The Jimmy Carter National Historic Site draws thousands of tourists to Plains every year.

"They can get to see the boyhood home where President Carter grew up from the time he was four years old, till he went off college, then you can see the school he and Ms. Carter went to from the time they where in first grade until they graduated until the 11th has been made into a museum, and then you can see the depot where he had his campaign headquarters," said Jan Williams, Manager, Plains Historic Inn & Antique Mall

But the town is pretty empty these days.  All the sites run by the National Park Service are shut down.  That means few customers for Jan Williams at her antique shop.

"Our tourists are not stopping, the national park sites are not open," said Williams.

Williams tells WALB that on a typical day, business would be booming.

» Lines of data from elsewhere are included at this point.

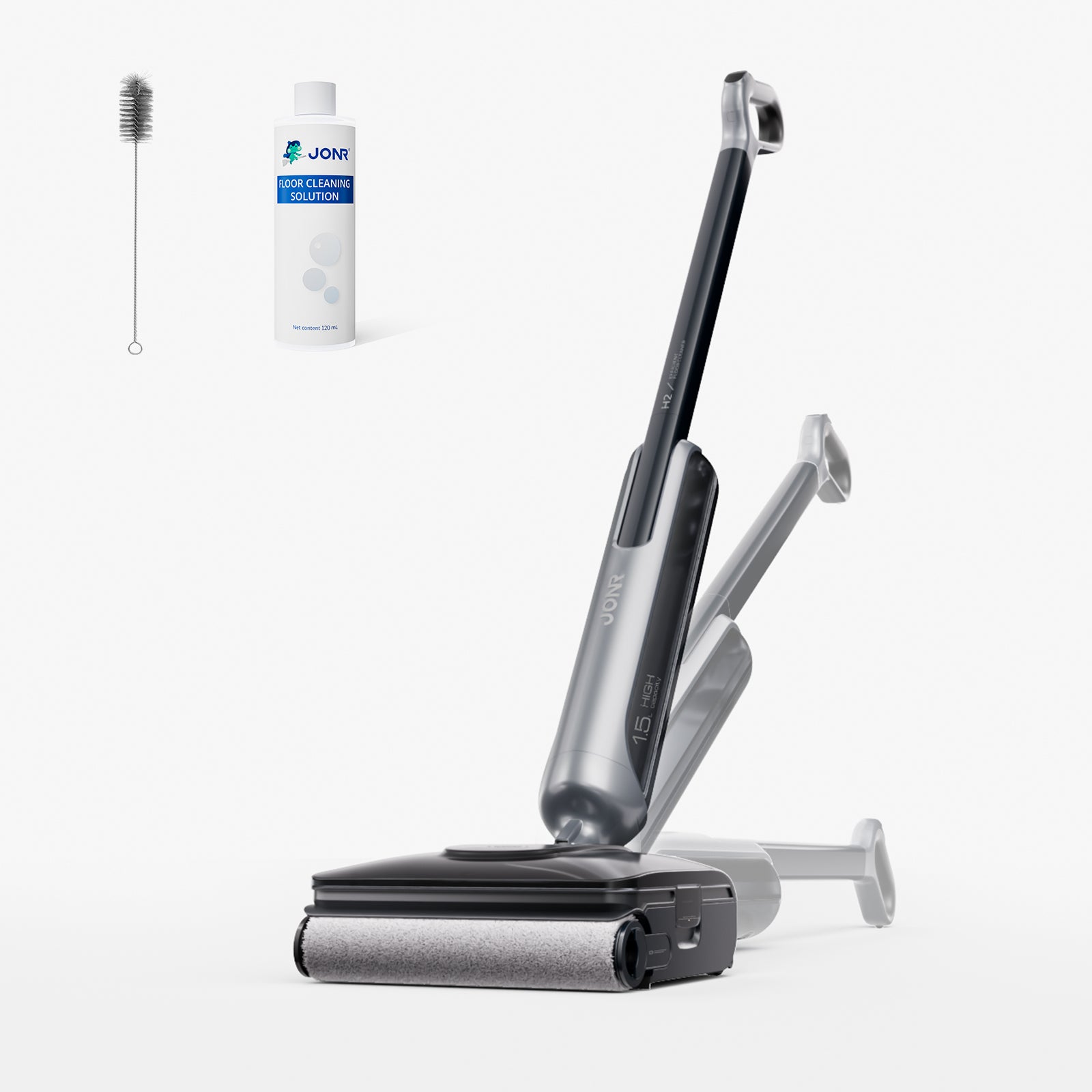JONR H2 with cleaning solution and maintenance brush accessories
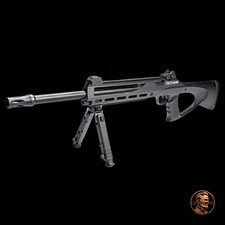 ASG TAC 4.5mm Co2 Powered Pellet/Steel BB Airgun Sniper Rifle with Bipod - BLACK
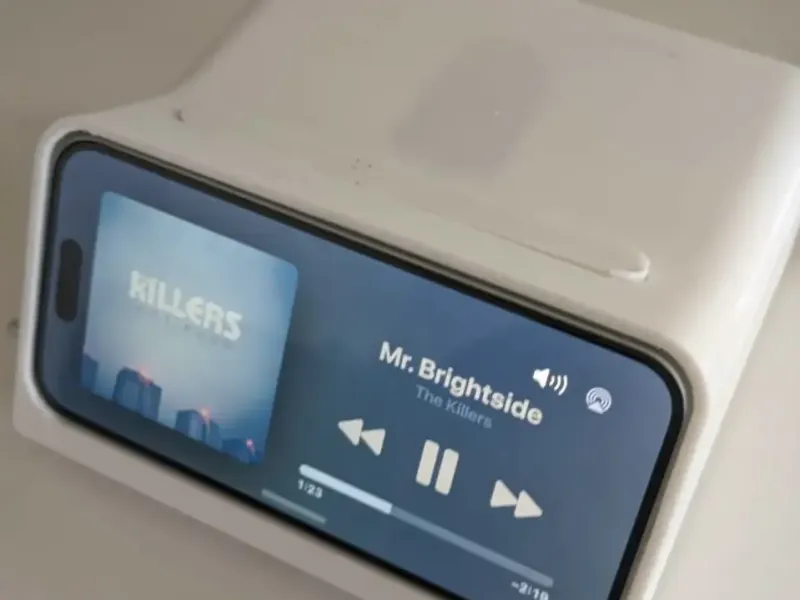Suporte de mesa de cabeceira para iPhone 16 Pro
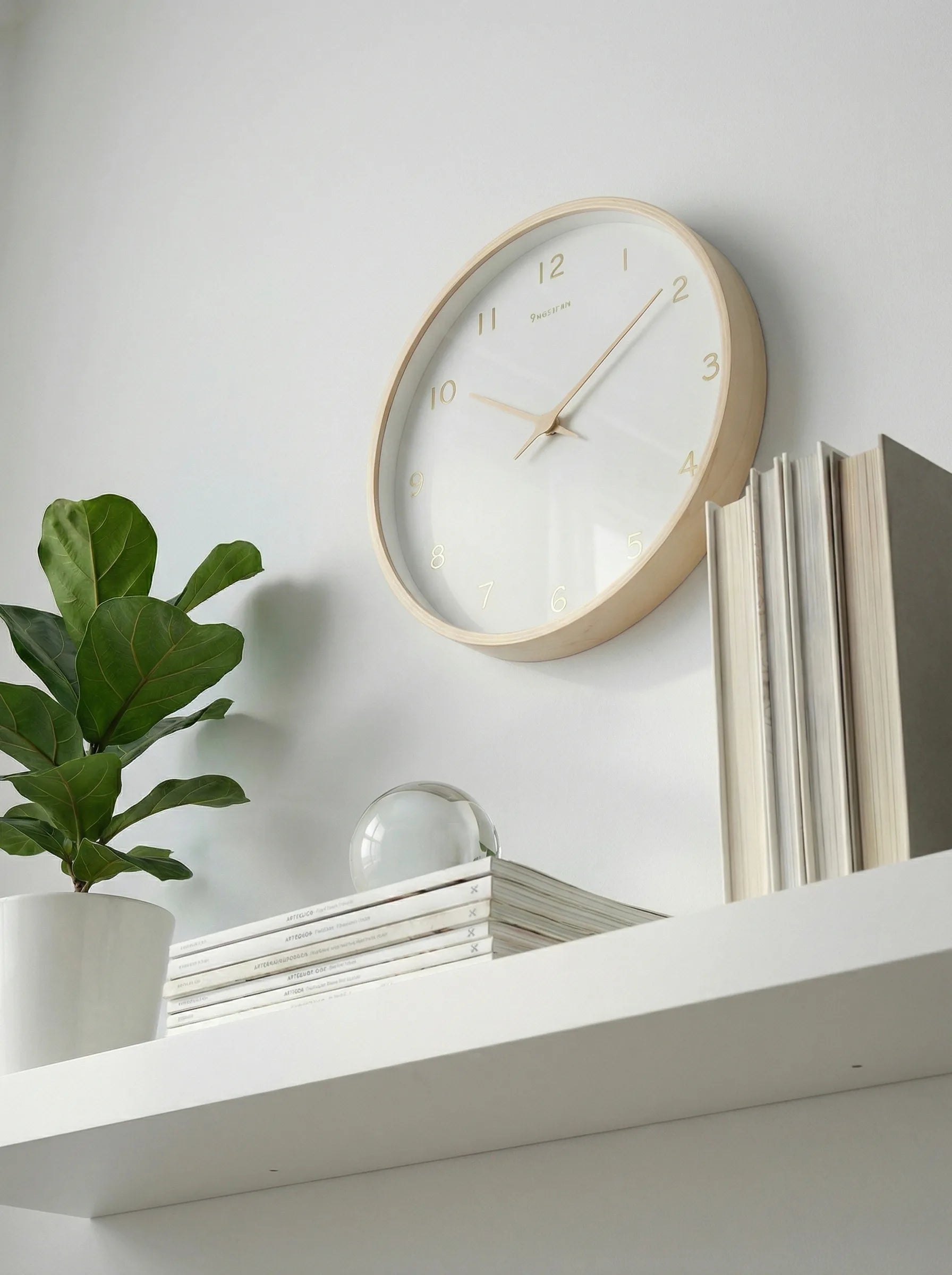 Zegar Ścienny | Okrągła Tarcza Klasyczna-Wall Clock-Polizatto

"On a normal day we have anywhere from 50 to 100 guest a day, on the weekends we have more, and now today if we had 20 people in town we are lucky," said Williams.

Since visitors can't get an official history lesson at the Jimmy Carter sites, Williams and other locals are trying to share the story of Plains with the few tourists who are showing up.

"As far as seeing what Plains is about, you can't go to the sites, but maybe you can find someone you can just talk to, we try our very best to tell the people the history although they really can't go and see it," said Williams.

Williams says Washington politicians aren't listening to the people, and they just need to do their jobs.

"If these people don't do their jobs, then maybe the people in Washington shouldn't be paid until they get their act together," said Williams.

She's hoping her business can get back to thriving and visitors can come back to Plains.